USA —Bayer, a renowned pharmaceutical company, has unveiled its latest venture in the heart of Cambridge’s prestigious Kendall Square—an innovative life sciences incubator dedicated to providing comprehensive support to emerging cell and gene therapy startups.
This incubator, spanning 26,000 square feet of office and laboratory space, is housed in the same building as the Bayer Research and Innovation Center.
Co.Lab Cambridge joins three other Co.Lab incubators located in Berlin, Kobe (Japan), and West Sacramento, with plans for further expansion in China.
The primary objective of Co.Lab Cambridge is to foster collaboration with entrepreneurs in the early stages of their ventures.
Bayer aims to provide a nurturing environment for creative and disruptive ideas that carry a high level of risk but also offer the potential for high returns.
Christian Rommel, Bayer’s head of drug research and development, emphasized the company’s intention to support these startups by offering guidance on data development, insights on manufacturing, and valuable lessons drawn from Bayer’s own experiences in the field.
Moreover, participating startups may gain access to Bayer’s cell therapy manufacturing programs, receiving assistance that they may not be aware of yet.

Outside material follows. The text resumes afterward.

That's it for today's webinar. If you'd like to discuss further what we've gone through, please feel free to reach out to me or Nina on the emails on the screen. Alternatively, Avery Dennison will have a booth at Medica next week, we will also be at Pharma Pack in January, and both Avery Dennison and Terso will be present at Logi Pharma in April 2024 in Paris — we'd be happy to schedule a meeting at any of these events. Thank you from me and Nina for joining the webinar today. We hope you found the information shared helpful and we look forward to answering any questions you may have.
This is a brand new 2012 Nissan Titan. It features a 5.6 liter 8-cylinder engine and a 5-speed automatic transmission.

Leading the Co.Lab Cambridge incubator is Fiona Mack, who previously held the position of head of JLABS @ TMC, the Johnson & Johnson incubator located in the Texas Medical Center.

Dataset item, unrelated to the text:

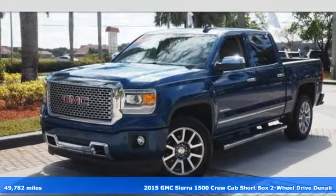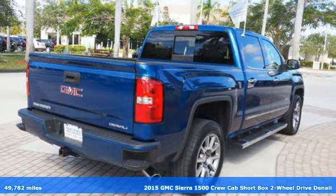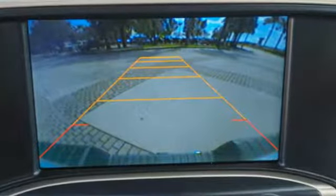Here's a 2015 GMC Sierra 1500 Denali. Comfort, convenience, power, and performance. For most trucks, these are ideals. For this truck, it's an undeniable reality.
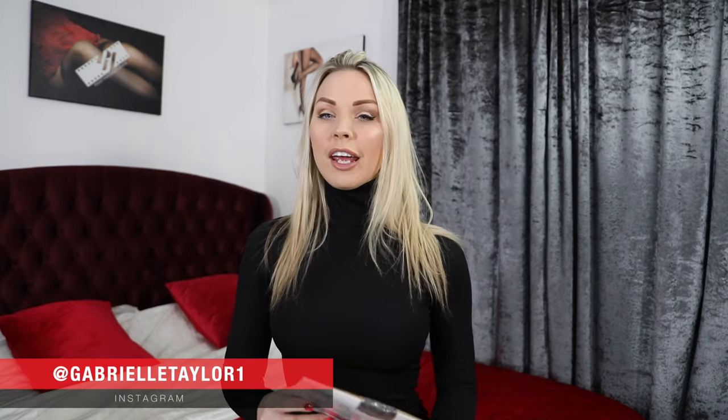Hello everybody, welcome back to Pantyhose Studio's YouTube channel. Thank you for joining me, Gabrielle, today. This channel is all about pantyhose, tights, and hosiery.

Mack has now been named the Vice President and Head of Co.Lab Cambridge, bringing her expertise and experience to drive the success of the incubator.
In addition to its commitment to nurturing startups, Bayer has entered into a strategic collaboration agreement with Bicycle Therapeutics, a pioneering biotechnology firm in the United Kingdom.

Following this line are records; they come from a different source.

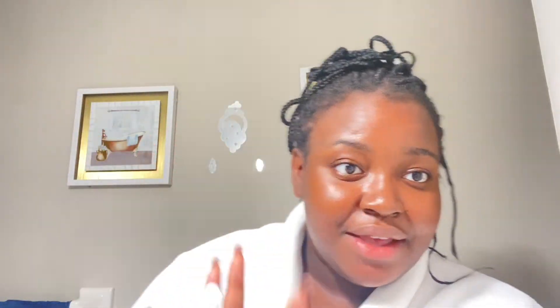I'll show you guys how they look. Here are my serums: vitamin C and hyaluronic acid. This is a lip scrub — I just found this at my local beauty tent. All these products will be listed down below, really easy to find.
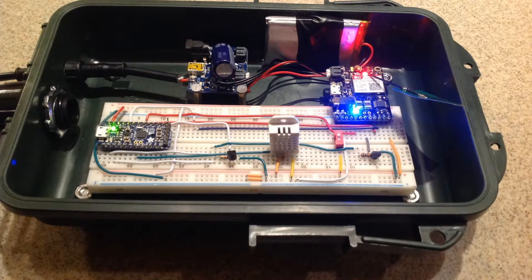Here are the electronics encased in the selected waterproof container. The solar LiPo charger was installed using brass standoffs, but you could just as easily attach everything with Velcro as was done with the breadboard shown here.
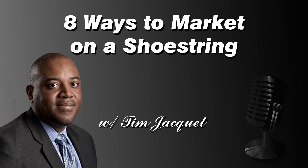Good morning and welcome to another episode of the Core Business Show. I'm Tim GK, your host. Today our topic is eight ways to market your business on a shoestring budget. If you have any questions, feel free to give me a call at 347-324-3460 or post a question in the chat room and I'll try to answer it for you.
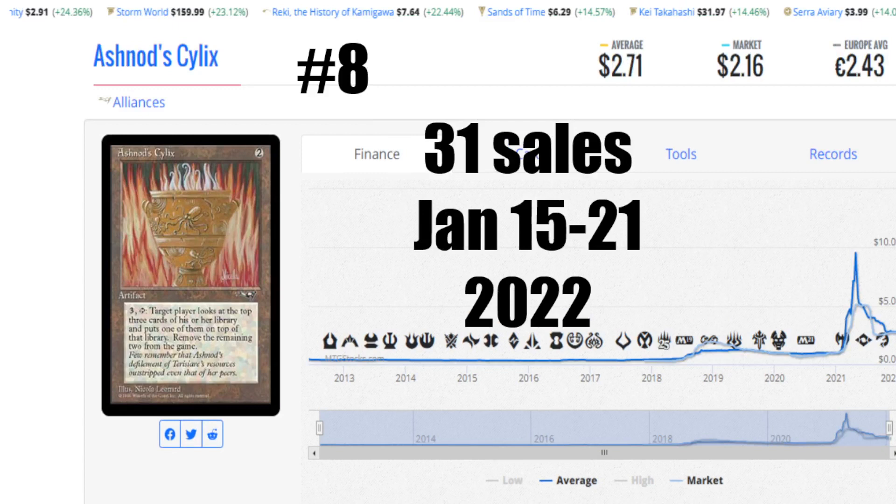Number eight this week is Ashnod Silas again from Alliances. 31 sales from January 15th to the 21st of 2022. It had that big spike up and then dropped off hard. The average price is $2.71 US, the market comes in at $2.16 US, and it's €2.43 to get that card. It can be used as an offense or defensive weapon, flipping cards and getting a card — not a bad thing depending on what's going on in your deck. People still like the card and it's really cheap. People who say they can't afford the reserve list are obviously not looking at all the cards — there are 572 choices, you don't just have to look at the top 50.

The collaboration aims to jointly discover, develop, manufacture, and commercialize Bicycle’s groundbreaking radioconjugates, specifically targeting various oncology indications.
Under this agreement, Bicycle Therapeutics will utilize its cutting-edge phage platform to identify and develop bicyclic peptides, while Bayer will fully fund and manage all preclinical and clinical development, manufacturing, and commercialization activities.
As part of the collaboration, Bicycle Therapeutics will receive an upfront payment of US$45 million, in addition to the potential for up to US$1.7 billion in milestone fees tied to development and commercial achievements.
Furthermore, Bicycle Therapeutics stands to gain tiered commercial royalties on any Bicycle-based medicines successfully brought to market by Bayer.
Bicyclic peptides, the cornerstone of Bicycle Therapeutics’ technology, are synthetic amino acid-based molecules renowned for their remarkable affinity and selectivity toward their targets.
These peptides exhibit enhanced tumor penetration capabilities and rapid clearance from healthy organs, offering immense potential in oncology treatments.
Leveraging their unique mode of action, these therapies hold promise in addressing unmet medical needs in cancer patients.
Kevin Lee, CEO of Bicycle Therapeutics, expressed his confidence in the collaboration, stating that Bayer’s expertise in radiopharmaceuticals, combined with Bicycle’s bicyclic peptide platform, has the potential to deliver improved clinical outcomes for cancer patients.
Lee emphasized that this collaboration further validates Bicycle’s unique technology and sets the stage for the development of potential first-in-class radiopharmaceutical treatments.
Christian Rommel emphasized that strategic collaborations like this are essential for Bayer to expand its access to innovation and drive advancements in cancer therapy.